The older one? I liked her. 

I'm wondering what his role is, to be honest. Will be interesting to see... I might have to watch it on 4OD or something before Episode 2. The twin who 'returns' looks really really young. Do you know what her age is meant to be? She only looked about 12...


----------



## alchemist (Jun 11, 2013)

Give what her sister had got up to, I'd hope she was meant to be a bit older


----------



## CrumpleHornedSnorkak (Jun 11, 2013)

Yes... that was my point! The sister didn't look so young in that scene, then I saw the 'return' and I was like 'Eh???'


----------



## Handsome John (Jun 14, 2013)

Couldn't watch the link because I'm not in the UK but checked YouTube for the trailer.

Looks good. Hopefully FOXTEL pick it up here in Australia.


----------



## Perpetual Man (Jun 19, 2013)

We watched it last night as we slowly catch up on the TV backlog.

I was very, very impressed. It is quite a while since I watched something with subtitles, but like all good films it does not matter, after a while you soon forget that you are reading them.

It is well made, well acted and is not overstated. Things are happening alowly and there is more a sense of loss than anything horrific happening, as the characters begin to realise just what is going on.

There is a solid mystery running trough the background (why are the dead coming back?) and the feeling of foreboding that it might not be quite the miracle it seems and just to add spice to the pot a brutal murder.
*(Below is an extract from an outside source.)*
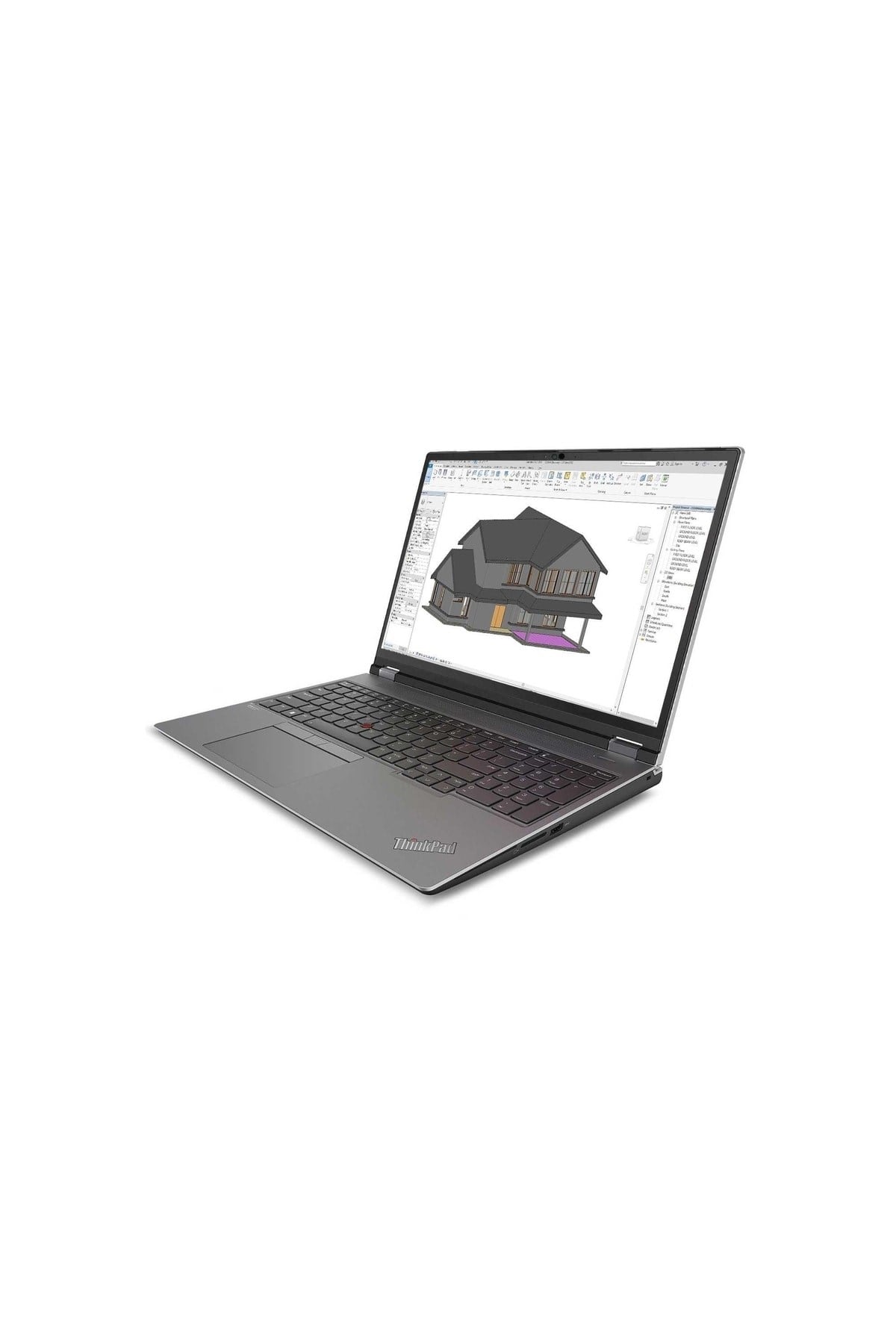Thinkpad P16 21d60012tx07 I7-12800hx 64gb 1tbssd A1000 16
Is it connected to the other things going on?

I'll definitely be back to watch more.


----------



## sooC (Jul 2, 2013)

I was so eager to see the next episode I watched it on youtube, sans titles. I only have leaving cert french but it didn't put me off.


----------



## alchemist (Jul 2, 2013)

The subtitles keep using the word "bloke." Takes me right out of it, it does


----------



## Anthony G Williams (Jul 6, 2013)

My take on it so far:

The current UK TV enthusiasm for importing subtitled versions of foreign TV series continues with *The Returned*, a French drama. A coach crash kills thirty-eight young students from a small town. Four years later, one of them returns home – looking exactly as she did at the time of the crash and behaving entirely normally. She has no idea that any time has passed, and is just puzzled that one moment she was on a coach trip, the next she woke up in the countryside near her home. Then more people, dead and buried years earlier, begin to turn up alive…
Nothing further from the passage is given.